So werde ich qualifizierter Energieberater
Als Grundvoraussetzung steht die Ausbildung zum Gebäudeenergieberater (HWK) oder eine gleichwertige Ausbildung. Es ist von Vorteil in einem GIH-Verband Mitglied zu sein, der die Zertifizierung ausführt und überprüft. Nichtmitglieder bezahlen eine höhere Gebühr.
In Baden-Württemberg wird dies durch den GIH Baden-Württemberg e.V. ausgeführt. Informationen zum Verein finden Sie unter www.gih-bw.de.
Dem persönlichen Antrag auf Qualitätssiegel müssen folgende Unterlagen beigefügt werden.
Neben den Neutralitätserklärung und Qualifikationsunterlagen (Urkunde bzw. Nachweis der Ausbildung und der Berufserfahrung), gehört ein Lichtbild und der Zahllungsbeleg über die Gebühren zum Antrag. Dem dazugehörenden Beratungsbericht sollte eine ergänzende Zusammenfassung vorangestellt sein. Dazu steht ein entsprechendes Beispiel zur Verfügung. Nach Eingang aller notwendigen Unterlagen auf CD wird von der Stuttgarter Geschäftsstelle diese der unabhängigen Siegelkommission vorgelegt.
Die Siegelordnung ist die Grundlage und Verpflichtung eines jeden Siegelträgers und muss eigenhändig unterschrieben beigelegt sein.
Als weitere wichtige Unterlage muss die persönliche Erklärung des Energieberaters zur Neutralität ausgefüllt und rechtsverbindlich unterschrieben den eingereichten Unterlagen angehängt sein.

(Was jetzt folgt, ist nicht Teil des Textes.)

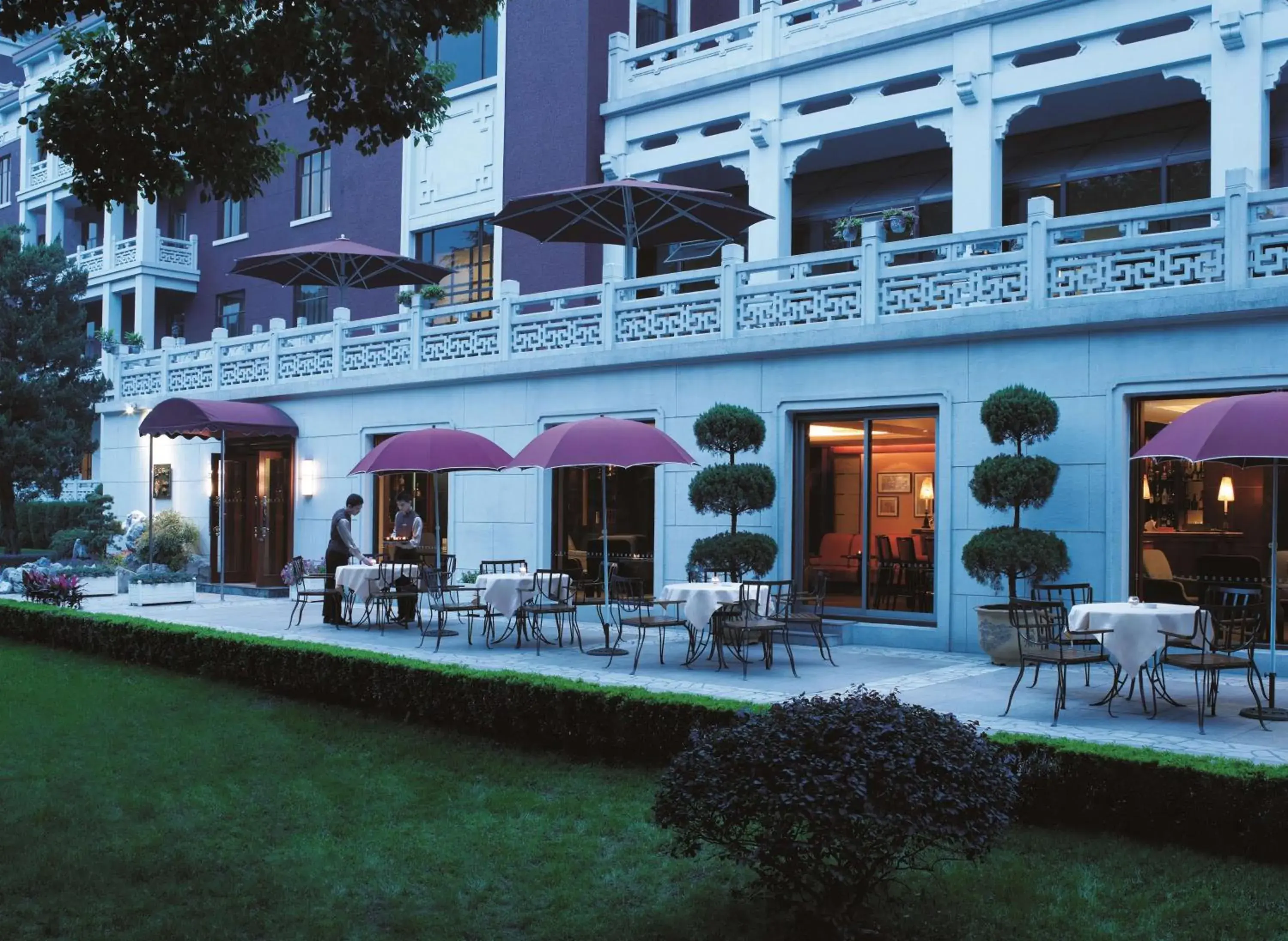 Lounge or bar in Shangri-La Hotel, Hangzhou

Mit Einreichung der Unterlagen an die Prüfungskommission bzw. Zertifizierungsstelle muss eine Überweisung gem. der Siegelordnung (s. Antrag) als Vorauszahlung auf dem genannten Konto geleistet werden. Die Rechnungsstellung / Quittung erfolgt zeitnah im Anschluss. Die Siegelerstellung mit Ausweis und Zertifikat wird daraufhin in Auftrag gegeben. In diesem Zuge wird von der Siegelstelle die Beraternummer vergeben.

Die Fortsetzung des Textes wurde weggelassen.